Trente ans plus tard, ses héritiers sont confrontés aux mêmes défis, ou presque. La crise financière de 2007 est passée par là. Chômage, désespérance sociale, exportations en berne : pour vaincre les démons du passé, le Parti socialiste, piloté par Martine Aubry, veut relancer la machine et rallumer les feux de la croissance française. "C'est le point commun avec le projet de 1981 : trois décennies après, les socialistes français restent très keynésiens", analyse aujourd'hui André Gauron, ancien conseiller de Pierre Bérégovoy.

C'est ainsi que parmi les 30 propositions du projet socialiste pour 2012, qui vise à concilier l'aile gauche et l'aile réformatrice du parti, figurent la création d'une banque publique d'investissement, la baisse de l'impôt sur les sociétés, la création de 300.000 emplois d'avenir ou la mise en place de pénalités financières pour dissuader les licenciements boursiers.
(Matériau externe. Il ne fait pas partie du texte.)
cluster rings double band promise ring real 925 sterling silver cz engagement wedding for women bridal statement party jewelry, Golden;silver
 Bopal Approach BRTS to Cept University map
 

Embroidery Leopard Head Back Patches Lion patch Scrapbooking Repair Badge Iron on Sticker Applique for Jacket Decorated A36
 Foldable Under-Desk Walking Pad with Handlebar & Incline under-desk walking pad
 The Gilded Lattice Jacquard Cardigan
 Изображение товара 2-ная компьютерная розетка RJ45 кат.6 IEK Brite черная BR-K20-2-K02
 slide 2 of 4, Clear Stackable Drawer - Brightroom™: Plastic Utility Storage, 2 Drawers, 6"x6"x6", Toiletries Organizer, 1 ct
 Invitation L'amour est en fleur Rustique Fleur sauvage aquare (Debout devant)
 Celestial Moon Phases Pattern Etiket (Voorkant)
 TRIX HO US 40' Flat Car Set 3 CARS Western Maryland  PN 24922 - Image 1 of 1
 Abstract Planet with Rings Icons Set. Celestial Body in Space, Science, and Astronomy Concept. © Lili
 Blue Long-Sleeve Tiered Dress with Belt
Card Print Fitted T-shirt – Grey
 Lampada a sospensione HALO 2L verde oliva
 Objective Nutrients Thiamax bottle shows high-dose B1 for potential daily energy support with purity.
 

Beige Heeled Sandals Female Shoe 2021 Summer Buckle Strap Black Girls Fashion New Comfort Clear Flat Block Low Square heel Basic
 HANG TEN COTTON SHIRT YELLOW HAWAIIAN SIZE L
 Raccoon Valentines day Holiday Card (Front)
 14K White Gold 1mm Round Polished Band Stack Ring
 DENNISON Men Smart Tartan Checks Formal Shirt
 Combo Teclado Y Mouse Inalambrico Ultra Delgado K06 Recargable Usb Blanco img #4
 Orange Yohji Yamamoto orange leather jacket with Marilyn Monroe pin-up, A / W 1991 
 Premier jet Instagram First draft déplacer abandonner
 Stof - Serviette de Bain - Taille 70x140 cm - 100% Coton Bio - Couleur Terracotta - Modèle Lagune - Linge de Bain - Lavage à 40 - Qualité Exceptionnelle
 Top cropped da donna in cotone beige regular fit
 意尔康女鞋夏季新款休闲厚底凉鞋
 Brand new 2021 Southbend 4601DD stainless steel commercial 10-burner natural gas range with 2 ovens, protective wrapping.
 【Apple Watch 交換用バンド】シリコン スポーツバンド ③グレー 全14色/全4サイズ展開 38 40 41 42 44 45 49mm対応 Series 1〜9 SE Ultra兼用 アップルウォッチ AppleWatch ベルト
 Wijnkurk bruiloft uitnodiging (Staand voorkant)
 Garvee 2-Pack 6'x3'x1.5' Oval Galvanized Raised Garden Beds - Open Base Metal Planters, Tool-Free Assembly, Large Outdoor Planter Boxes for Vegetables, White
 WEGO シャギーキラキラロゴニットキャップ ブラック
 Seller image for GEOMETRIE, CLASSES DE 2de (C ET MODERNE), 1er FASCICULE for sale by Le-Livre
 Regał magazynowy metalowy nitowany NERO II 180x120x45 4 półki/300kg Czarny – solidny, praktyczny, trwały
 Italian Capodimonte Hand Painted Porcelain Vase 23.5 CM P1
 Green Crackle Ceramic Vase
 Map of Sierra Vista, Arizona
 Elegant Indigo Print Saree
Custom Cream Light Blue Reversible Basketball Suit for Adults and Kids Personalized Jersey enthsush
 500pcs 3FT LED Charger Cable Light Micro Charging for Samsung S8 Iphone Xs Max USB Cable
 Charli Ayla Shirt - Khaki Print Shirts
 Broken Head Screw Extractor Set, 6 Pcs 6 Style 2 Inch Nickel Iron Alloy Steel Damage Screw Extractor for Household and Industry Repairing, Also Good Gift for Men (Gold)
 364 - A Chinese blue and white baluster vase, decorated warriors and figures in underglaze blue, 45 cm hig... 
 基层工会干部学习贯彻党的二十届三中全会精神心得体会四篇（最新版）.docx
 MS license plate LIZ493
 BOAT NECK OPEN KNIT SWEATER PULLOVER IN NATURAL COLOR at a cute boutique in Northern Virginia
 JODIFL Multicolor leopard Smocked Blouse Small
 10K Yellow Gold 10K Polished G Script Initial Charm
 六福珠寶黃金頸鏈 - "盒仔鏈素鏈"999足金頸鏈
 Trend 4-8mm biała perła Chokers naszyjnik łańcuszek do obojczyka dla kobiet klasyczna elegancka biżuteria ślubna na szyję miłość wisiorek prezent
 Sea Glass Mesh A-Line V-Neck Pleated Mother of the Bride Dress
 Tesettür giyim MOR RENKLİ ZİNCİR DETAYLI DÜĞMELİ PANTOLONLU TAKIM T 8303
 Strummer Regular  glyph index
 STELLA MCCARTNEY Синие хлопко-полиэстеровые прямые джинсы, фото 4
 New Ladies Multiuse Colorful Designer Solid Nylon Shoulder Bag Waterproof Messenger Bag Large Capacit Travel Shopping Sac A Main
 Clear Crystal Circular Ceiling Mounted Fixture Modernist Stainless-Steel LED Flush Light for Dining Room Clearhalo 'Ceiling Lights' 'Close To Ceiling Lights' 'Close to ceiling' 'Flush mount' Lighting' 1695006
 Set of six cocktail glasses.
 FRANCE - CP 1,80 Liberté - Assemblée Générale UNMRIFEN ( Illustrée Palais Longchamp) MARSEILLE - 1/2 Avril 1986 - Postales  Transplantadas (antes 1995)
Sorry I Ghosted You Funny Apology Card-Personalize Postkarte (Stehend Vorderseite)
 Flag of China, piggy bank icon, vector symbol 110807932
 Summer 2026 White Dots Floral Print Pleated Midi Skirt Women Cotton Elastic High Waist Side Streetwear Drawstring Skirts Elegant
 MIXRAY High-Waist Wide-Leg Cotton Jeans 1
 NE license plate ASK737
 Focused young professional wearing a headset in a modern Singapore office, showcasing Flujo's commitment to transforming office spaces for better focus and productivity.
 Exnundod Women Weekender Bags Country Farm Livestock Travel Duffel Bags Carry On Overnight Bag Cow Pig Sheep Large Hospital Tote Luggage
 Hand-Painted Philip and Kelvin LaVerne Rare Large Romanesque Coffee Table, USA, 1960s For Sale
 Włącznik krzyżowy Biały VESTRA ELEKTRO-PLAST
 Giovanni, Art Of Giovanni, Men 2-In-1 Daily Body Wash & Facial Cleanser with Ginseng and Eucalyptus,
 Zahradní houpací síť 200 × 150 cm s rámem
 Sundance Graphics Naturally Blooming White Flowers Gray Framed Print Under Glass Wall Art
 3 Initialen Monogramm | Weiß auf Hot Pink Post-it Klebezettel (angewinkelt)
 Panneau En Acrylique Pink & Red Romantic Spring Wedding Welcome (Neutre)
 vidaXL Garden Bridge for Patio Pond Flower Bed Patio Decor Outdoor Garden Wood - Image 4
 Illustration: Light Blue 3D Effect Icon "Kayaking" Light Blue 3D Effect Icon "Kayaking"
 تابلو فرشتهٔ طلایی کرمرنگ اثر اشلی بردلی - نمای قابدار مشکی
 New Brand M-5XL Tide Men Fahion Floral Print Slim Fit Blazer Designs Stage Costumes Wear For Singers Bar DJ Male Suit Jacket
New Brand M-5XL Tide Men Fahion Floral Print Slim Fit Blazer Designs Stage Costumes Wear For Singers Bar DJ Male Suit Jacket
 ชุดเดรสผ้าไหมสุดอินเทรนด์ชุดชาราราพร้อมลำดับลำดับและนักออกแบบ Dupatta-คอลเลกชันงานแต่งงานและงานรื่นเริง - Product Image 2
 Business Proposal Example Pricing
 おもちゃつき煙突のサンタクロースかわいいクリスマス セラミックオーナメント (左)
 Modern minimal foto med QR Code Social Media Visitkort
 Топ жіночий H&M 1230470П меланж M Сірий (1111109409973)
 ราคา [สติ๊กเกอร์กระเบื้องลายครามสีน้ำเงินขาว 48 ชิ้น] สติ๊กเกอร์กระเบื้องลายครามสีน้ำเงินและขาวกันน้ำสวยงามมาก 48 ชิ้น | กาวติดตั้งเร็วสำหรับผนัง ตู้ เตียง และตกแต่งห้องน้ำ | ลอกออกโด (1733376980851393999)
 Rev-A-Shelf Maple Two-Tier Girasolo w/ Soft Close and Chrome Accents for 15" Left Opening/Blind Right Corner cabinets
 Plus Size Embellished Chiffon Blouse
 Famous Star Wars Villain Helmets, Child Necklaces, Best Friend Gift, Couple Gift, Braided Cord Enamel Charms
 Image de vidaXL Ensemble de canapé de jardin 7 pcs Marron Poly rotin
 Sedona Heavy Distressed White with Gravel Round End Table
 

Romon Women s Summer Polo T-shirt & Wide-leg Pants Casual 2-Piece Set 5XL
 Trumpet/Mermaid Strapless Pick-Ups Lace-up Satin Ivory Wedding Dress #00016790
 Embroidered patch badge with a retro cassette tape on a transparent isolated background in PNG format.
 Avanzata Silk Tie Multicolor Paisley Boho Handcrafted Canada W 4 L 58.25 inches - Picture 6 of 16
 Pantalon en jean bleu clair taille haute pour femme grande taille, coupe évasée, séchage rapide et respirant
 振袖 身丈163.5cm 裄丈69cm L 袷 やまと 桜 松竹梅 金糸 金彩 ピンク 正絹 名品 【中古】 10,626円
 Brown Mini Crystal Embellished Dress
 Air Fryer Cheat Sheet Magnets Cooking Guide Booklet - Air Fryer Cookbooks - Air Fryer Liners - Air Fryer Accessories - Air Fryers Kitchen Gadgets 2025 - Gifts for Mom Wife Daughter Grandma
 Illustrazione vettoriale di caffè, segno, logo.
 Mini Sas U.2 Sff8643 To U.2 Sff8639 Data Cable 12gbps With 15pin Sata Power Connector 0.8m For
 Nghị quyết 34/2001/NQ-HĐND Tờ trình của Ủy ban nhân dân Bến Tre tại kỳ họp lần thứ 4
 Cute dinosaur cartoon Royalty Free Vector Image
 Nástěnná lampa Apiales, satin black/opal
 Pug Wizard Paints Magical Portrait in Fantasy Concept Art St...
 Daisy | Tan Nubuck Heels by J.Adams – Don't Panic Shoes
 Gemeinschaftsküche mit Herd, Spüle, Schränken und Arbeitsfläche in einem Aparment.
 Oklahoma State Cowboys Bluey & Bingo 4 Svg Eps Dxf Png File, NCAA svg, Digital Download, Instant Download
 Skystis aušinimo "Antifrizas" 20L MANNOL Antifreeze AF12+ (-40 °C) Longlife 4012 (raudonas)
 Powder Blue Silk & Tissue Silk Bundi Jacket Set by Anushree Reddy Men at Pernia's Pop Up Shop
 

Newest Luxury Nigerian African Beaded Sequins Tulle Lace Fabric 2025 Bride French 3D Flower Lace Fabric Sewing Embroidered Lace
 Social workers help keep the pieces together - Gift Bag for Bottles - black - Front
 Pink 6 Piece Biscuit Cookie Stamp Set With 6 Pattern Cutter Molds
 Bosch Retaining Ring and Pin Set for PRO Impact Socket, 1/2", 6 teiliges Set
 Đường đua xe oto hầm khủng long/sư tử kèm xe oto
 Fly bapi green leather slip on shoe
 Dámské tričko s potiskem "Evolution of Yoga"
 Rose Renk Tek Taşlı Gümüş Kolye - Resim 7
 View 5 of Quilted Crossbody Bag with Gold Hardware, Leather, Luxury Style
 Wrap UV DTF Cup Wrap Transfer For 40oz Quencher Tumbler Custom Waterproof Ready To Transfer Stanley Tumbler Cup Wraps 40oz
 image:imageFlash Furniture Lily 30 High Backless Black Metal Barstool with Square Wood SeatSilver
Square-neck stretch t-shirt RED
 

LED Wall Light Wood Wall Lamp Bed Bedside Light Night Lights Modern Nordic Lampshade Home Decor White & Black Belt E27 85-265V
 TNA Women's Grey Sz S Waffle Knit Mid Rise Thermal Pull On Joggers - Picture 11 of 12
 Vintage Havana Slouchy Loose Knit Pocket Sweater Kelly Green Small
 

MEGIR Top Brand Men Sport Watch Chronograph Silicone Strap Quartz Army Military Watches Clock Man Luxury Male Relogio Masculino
Le projet du PS prône également des écarts de rémunérations de 1 à 20 maximum dans les entreprises à participation publique. Un programme à gauche toute ? Plutôt un inventaire de mesures destinées à ne pas hérisser les proches de Dominique Strauss-Kahn tout en satisfaisant les partisans de Benoît Hamon. Surtout, un projet passé sous les fourches Caudines des experts-comptables du PS qui assurent, calculette à la main, que les dépenses se limiteront à 25 milliards d'euros sur cinq ans.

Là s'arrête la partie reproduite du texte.